En las comunidades la honradez es ley, pero en Wirapanpas,  Cotabambas, Apurímac, Taita Dios instauró el robo: “Los inútiles serán buenos cristianos; los mediocres serán aquellos que caigan siempre en manos de la justicia; los buenos ladrones harán crecer bajo su sombra la abundancia.” Así dijo Taita Dios y dividió a los cristianos en tres grupos”, relata Enrique Rosas y prosigue. “Para ser justo, les puso una prueba. Debían robar los huevos de un leqecho, pájaro de la puna con oídos muy agudos. El primero no llegó a meter su mano en el nido y fue corrido a aletazos. El segundo esperó que se durmiera y ya estaba por sustraerle uno cuando fue descubierto. Sólo el tercero lo hizo roncar valiéndose de unas hierbas y triunfó sobre los otros,  menos listos.”

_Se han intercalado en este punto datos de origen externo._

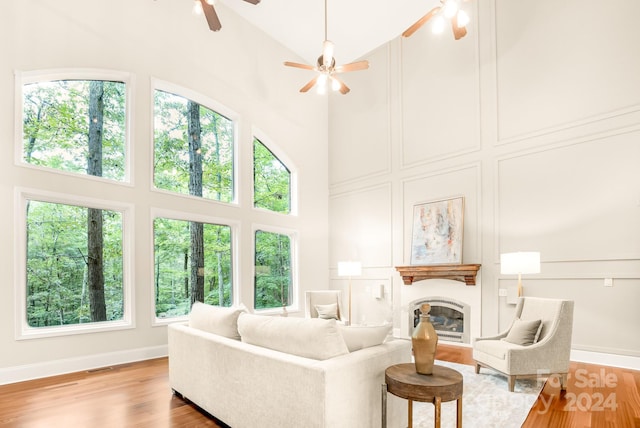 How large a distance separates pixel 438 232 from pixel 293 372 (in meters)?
4.65

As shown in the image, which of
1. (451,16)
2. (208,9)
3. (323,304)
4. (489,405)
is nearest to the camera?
(489,405)

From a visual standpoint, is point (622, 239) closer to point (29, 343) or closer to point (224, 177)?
point (224, 177)

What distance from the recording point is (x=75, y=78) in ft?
16.1

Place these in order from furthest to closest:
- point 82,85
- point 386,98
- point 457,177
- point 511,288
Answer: point 386,98, point 457,177, point 511,288, point 82,85

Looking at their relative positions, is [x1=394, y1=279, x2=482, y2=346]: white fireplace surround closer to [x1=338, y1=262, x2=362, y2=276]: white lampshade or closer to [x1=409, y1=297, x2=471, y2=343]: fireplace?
[x1=409, y1=297, x2=471, y2=343]: fireplace

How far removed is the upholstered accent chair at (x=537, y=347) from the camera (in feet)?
11.9

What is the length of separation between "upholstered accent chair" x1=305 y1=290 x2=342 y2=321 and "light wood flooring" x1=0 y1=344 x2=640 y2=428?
2567 millimetres

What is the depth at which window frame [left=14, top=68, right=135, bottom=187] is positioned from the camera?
13.9 feet

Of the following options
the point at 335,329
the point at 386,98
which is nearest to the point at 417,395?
the point at 335,329

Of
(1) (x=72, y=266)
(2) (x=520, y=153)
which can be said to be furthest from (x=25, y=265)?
(2) (x=520, y=153)

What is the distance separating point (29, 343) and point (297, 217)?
15.2 feet

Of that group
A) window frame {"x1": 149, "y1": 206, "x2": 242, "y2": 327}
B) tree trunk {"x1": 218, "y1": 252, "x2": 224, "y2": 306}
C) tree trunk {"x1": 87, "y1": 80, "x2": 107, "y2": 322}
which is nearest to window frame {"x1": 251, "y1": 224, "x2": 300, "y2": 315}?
window frame {"x1": 149, "y1": 206, "x2": 242, "y2": 327}

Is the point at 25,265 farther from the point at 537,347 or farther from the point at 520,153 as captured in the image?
the point at 520,153

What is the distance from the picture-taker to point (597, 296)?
15.5 ft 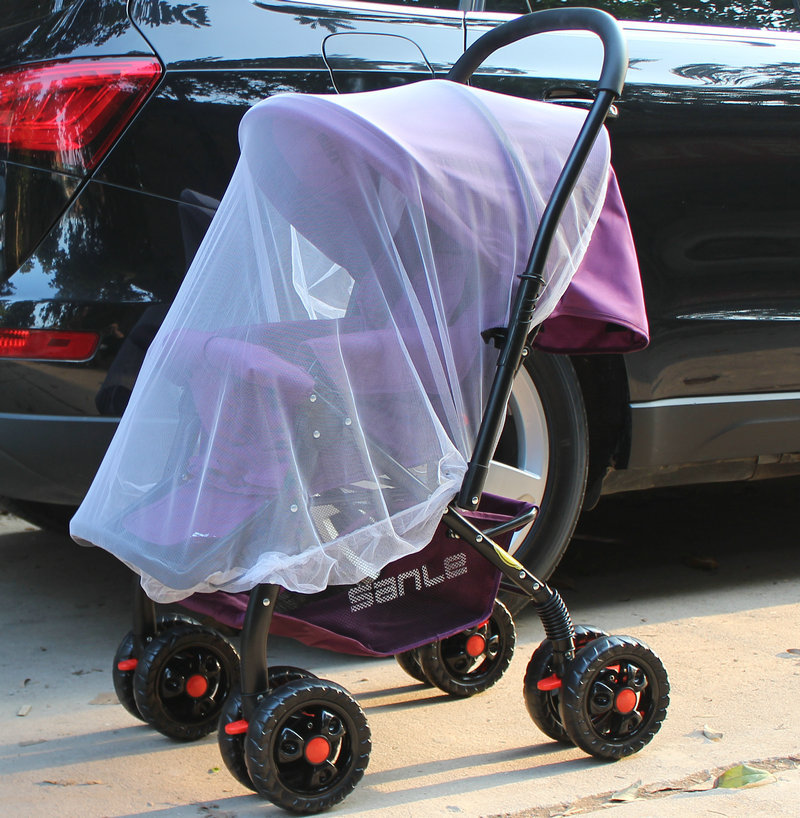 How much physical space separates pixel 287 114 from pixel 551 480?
1.21m

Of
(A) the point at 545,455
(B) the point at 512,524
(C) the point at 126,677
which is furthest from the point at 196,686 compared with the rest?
(A) the point at 545,455

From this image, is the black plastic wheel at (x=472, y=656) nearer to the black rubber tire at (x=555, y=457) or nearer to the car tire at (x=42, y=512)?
the black rubber tire at (x=555, y=457)

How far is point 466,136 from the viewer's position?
6.32ft

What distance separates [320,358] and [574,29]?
0.82m

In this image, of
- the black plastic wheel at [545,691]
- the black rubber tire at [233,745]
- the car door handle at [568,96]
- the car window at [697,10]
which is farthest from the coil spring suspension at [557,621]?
the car window at [697,10]

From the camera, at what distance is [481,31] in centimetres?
271

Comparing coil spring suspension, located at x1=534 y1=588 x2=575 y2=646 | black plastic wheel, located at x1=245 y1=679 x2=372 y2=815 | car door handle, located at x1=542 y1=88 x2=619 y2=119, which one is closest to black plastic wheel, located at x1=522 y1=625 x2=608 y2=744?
coil spring suspension, located at x1=534 y1=588 x2=575 y2=646

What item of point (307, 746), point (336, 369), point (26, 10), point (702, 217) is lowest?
point (307, 746)

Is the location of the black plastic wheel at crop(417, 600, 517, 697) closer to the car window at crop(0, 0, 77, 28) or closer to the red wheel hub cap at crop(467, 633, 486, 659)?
the red wheel hub cap at crop(467, 633, 486, 659)

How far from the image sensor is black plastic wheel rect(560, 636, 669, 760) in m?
2.02

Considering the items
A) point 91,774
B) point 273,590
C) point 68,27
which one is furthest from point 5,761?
point 68,27

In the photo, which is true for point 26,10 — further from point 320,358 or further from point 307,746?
point 307,746

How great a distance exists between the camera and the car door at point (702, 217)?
8.91ft

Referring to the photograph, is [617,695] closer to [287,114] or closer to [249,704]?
[249,704] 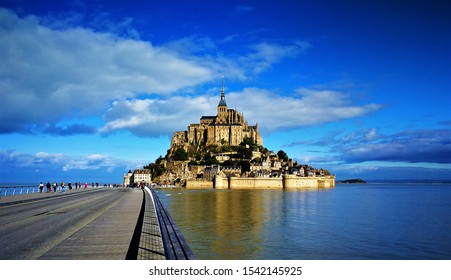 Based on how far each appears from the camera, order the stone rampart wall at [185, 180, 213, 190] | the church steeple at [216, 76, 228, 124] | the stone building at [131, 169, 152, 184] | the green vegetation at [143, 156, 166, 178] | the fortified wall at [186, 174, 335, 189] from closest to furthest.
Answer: the fortified wall at [186, 174, 335, 189] < the stone rampart wall at [185, 180, 213, 190] < the stone building at [131, 169, 152, 184] < the green vegetation at [143, 156, 166, 178] < the church steeple at [216, 76, 228, 124]

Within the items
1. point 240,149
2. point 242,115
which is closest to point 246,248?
point 240,149

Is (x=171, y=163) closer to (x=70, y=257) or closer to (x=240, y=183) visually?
(x=240, y=183)

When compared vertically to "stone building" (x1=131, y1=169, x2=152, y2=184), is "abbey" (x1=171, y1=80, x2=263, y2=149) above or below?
above

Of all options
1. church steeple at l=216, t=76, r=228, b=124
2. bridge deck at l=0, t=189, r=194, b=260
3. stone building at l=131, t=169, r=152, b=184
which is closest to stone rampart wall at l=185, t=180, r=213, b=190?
stone building at l=131, t=169, r=152, b=184

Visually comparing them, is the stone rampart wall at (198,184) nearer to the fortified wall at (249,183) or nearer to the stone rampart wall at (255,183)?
the fortified wall at (249,183)

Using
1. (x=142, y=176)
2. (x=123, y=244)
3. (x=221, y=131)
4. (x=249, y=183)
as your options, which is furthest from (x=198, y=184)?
(x=123, y=244)

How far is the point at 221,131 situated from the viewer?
10556 centimetres

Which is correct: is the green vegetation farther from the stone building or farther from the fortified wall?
the fortified wall

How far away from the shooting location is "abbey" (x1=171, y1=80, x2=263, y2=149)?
106 metres

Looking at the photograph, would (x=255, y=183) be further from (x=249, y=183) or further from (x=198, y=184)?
(x=198, y=184)

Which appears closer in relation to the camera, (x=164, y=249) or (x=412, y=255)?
(x=164, y=249) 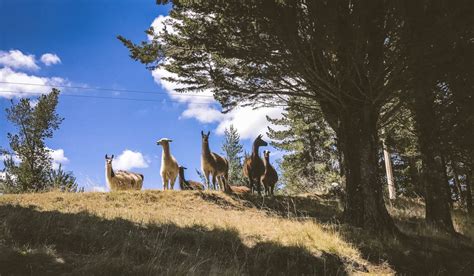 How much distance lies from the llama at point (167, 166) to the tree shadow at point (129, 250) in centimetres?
802

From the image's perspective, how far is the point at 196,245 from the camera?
7090 mm

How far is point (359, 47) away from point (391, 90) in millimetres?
1513

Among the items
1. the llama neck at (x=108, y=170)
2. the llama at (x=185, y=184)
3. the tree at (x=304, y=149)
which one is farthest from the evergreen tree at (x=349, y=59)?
the tree at (x=304, y=149)

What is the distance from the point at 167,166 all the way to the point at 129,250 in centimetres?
1008

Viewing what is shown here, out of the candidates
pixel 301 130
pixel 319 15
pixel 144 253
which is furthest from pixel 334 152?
pixel 144 253

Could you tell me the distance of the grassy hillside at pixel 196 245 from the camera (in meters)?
5.38

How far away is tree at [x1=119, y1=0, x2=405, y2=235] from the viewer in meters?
8.10

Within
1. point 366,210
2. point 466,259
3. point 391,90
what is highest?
point 391,90

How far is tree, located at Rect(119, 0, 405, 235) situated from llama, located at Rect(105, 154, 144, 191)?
275 inches

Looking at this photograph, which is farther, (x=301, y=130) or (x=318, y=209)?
(x=301, y=130)

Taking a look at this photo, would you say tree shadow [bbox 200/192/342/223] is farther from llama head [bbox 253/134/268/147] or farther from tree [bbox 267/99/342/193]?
tree [bbox 267/99/342/193]

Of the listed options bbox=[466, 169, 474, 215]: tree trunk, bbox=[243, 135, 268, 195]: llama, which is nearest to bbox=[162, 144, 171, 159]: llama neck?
bbox=[243, 135, 268, 195]: llama

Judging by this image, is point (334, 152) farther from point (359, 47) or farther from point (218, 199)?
point (359, 47)

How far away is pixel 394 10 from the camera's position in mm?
8547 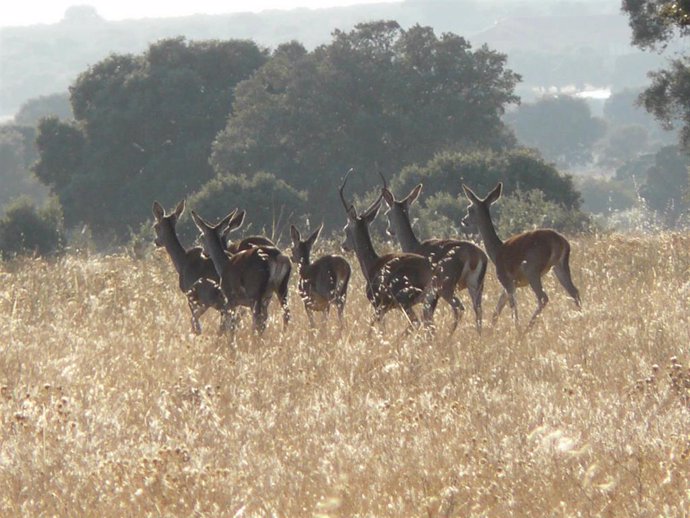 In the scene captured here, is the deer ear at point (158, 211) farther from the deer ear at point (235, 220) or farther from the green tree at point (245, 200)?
the green tree at point (245, 200)

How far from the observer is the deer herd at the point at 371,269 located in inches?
466

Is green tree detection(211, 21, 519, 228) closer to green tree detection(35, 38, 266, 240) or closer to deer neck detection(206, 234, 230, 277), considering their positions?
green tree detection(35, 38, 266, 240)

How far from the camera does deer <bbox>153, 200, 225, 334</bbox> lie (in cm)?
1248

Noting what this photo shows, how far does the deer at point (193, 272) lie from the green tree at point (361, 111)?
4207 cm

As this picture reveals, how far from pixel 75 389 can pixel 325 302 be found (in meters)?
4.12

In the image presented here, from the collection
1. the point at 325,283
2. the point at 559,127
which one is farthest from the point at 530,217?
the point at 559,127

Ambos sacan más datos de su mochila de caminantes. “Allá donde el cielo y la tierra se juntan en Wirapanpas, el Patrón Santiago enseñó a robar con su mal ejemplo a los hombres, cuando bajaba al  Chalwawacho. Este Santiago, el Mayor, era grande, era robusto. Su gran peso agobiaba a su cabalgadura. Su lomo estaba lleno de mataduras. En eso encontró a su hermano Santiago, el Menor. Cómo le envidió su caballo alto, hermoso, con cascos de concha y perla!”, continúa el antropólogo, para luego seguir:
“Juntos caminaron conversando como dos buenos amigos. Juntos se echaron para dormir a orillas del manantial, envueltos cada uno en su capa. Pero Santiago, el Mayor, era ladrón fino. Mientras dormía Santiago, el Menor, le robó su caballo. Por eso no es pecado robar ni entre hermanos. Sólo los tontos se descuidan”.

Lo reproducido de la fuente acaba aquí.